Copy out the whole listing exactly as given. Skip the pictures.

• DATA BLOCK:
════════════════════

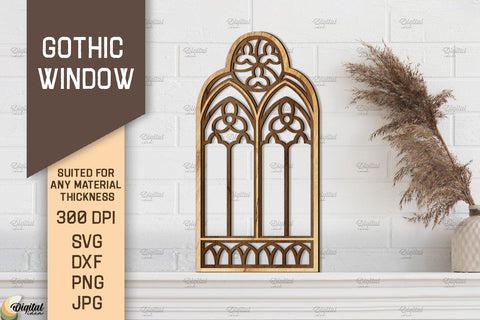 Gothic Window SVG Bundle. Layered Arched Window Frame Laser Cut SVG Evgenyia Guschina 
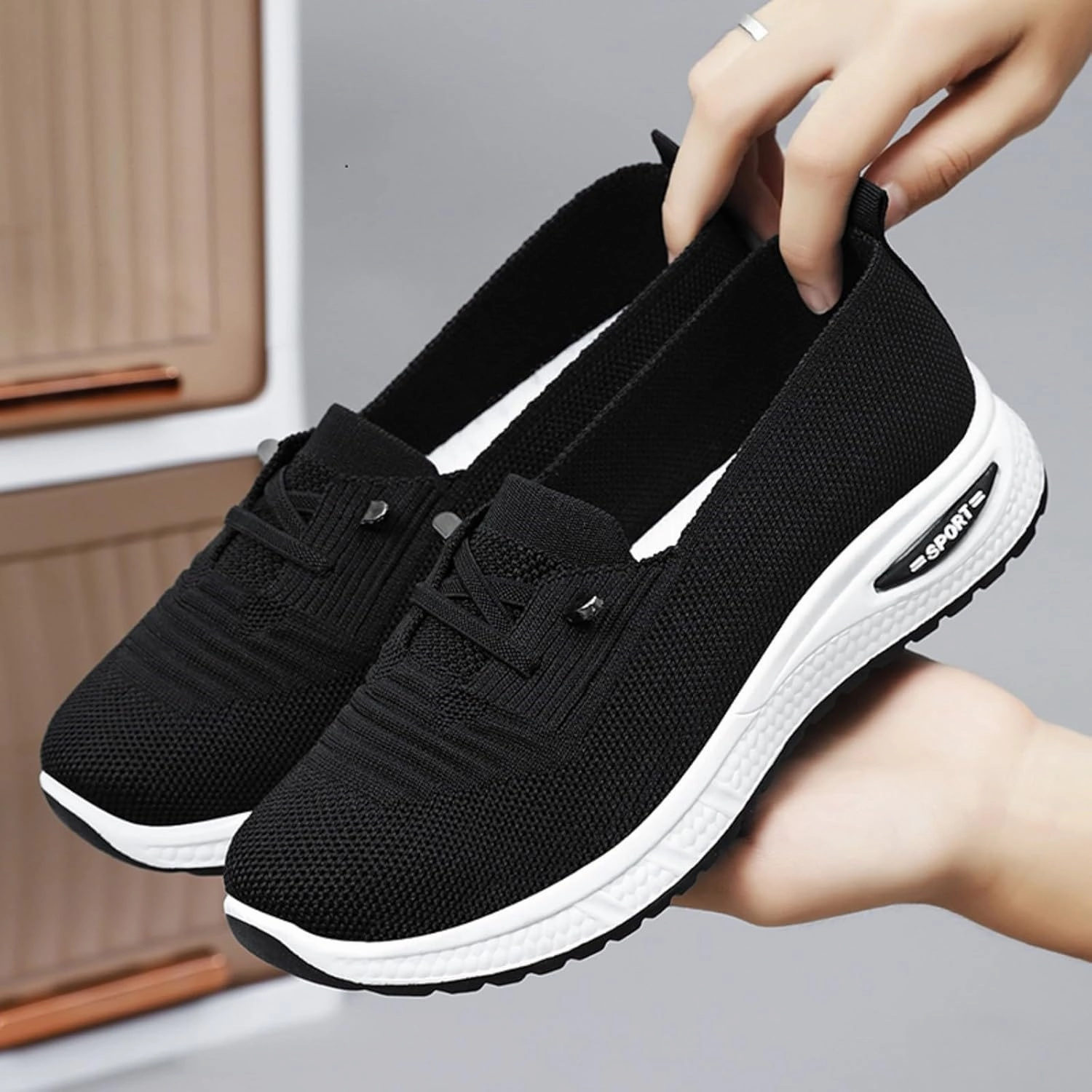 Women Comfy Orthopedic Walking Shoes, 2025 New Wide Width Orthopedic Shoes Non Slip Lightweight Breathable Slip On Arch Support Non-Slip Sneakers Volleyball Shoes Sizes
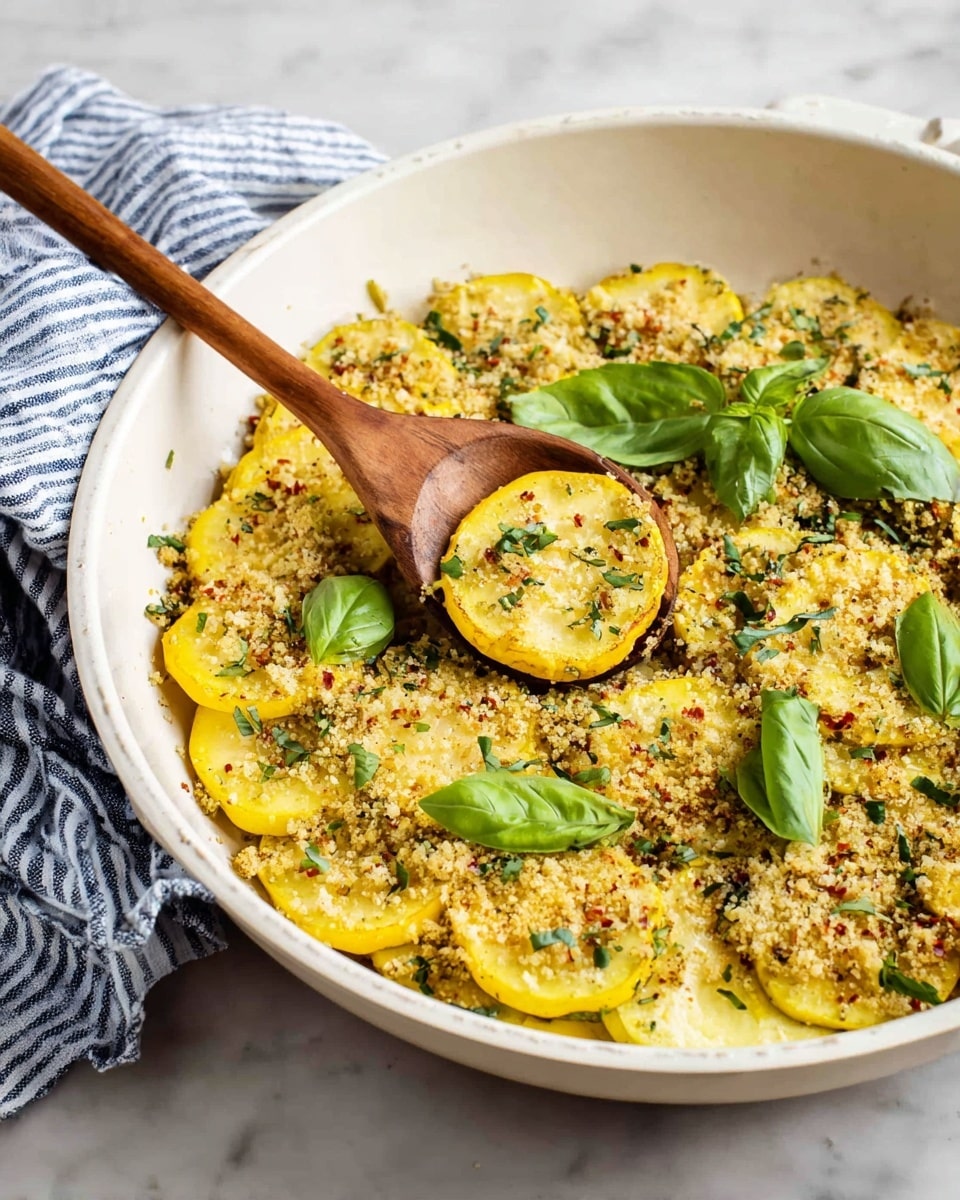 The image shows a white pan filled with round slices of yellow squash arranged closely together as the base layer. On top of the squash, there is a crumbly layer of mixed breadcrumbs and herbs with a light golden color and small green and red specks. Fresh green basil leaves are scattered over the top, adding a fresh look with their bright, smooth texture. A wooden spoon with a smooth, warm brown color is resting inside the pan, partially lifting some slices. The pan sits on a white marbled surface, and a blue and white striped cloth is in the background. Photo taken with an iphone --ar 4:5 --v 7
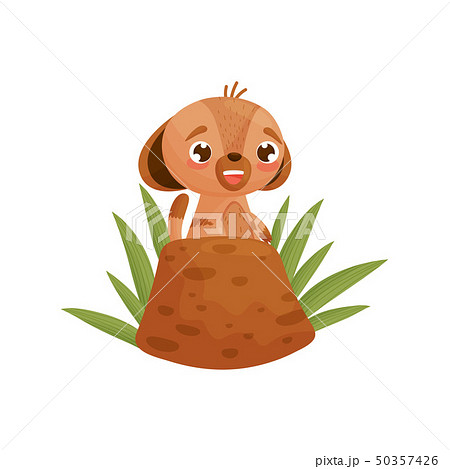 Cheerful gopher near the hole. Vector illustration on white background. 50357426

════════════════════

• EXPECTED ANSWER:
 Gothic Window SVG Bundle. Layered Arched Window Frame Laser Cut SVG Evgenyia Guschina 
 Women Comfy Orthopedic Walking Shoes, 2025 New Wide Width Orthopedic Shoes Non Slip Lightweight Breathable Slip On Arch Support Non-Slip Sneakers Volleyball Shoes Sizes
 The image shows a white pan filled with round slices of yellow squash arranged closely together as the base layer. On top of the squash, there is a crumbly layer of mixed breadcrumbs and herbs with a light golden color and small green and red specks. Fresh green basil leaves are scattered over the top, adding a fresh look with their bright, smooth texture. A wooden spoon with a smooth, warm brown color is resting inside the pan, partially lifting some slices. The pan sits on a white marbled surface, and a blue and white striped cloth is in the background. Photo taken with an iphone --ar 4:5 --v 7
 Cheerful gopher near the hole. Vector illustration on white background. 50357426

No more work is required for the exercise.